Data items
----

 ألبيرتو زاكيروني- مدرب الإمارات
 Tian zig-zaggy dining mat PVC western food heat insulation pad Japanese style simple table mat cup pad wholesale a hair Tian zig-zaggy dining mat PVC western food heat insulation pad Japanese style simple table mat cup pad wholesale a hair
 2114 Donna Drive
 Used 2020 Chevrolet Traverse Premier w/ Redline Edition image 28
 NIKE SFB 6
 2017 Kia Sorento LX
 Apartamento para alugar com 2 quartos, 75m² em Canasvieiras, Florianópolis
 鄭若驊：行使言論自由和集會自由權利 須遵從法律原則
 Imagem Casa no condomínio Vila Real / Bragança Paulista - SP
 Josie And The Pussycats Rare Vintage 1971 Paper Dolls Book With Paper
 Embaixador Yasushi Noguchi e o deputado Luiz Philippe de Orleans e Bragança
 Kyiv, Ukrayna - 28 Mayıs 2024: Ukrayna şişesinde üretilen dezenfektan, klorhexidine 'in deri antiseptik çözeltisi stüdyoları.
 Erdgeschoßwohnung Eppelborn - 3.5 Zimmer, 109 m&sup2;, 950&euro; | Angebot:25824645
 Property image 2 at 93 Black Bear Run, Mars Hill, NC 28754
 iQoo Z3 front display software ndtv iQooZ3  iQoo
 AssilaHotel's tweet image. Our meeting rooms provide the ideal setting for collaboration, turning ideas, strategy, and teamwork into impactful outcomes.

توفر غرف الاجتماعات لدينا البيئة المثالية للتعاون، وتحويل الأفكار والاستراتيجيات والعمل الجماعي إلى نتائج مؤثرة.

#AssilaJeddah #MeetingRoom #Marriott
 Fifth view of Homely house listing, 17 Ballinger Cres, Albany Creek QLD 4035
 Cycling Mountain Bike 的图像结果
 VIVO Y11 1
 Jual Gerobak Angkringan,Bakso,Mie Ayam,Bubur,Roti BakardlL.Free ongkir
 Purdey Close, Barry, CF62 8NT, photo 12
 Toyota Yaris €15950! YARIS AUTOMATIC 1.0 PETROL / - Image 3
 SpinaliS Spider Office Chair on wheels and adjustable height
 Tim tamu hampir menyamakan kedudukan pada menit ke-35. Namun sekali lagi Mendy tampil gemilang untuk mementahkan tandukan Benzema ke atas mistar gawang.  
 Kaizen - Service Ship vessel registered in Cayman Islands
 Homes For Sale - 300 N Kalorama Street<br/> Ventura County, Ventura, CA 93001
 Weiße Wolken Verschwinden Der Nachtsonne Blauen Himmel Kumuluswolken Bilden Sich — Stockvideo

----

• [Required action]: Show all lines above that contain "Bragança".

• [Response box]:
 Imagem Casa no condomínio Vila Real / Bragança Paulista - SP
 Embaixador Yasushi Noguchi e o deputado Luiz Philippe de Orleans e Bragança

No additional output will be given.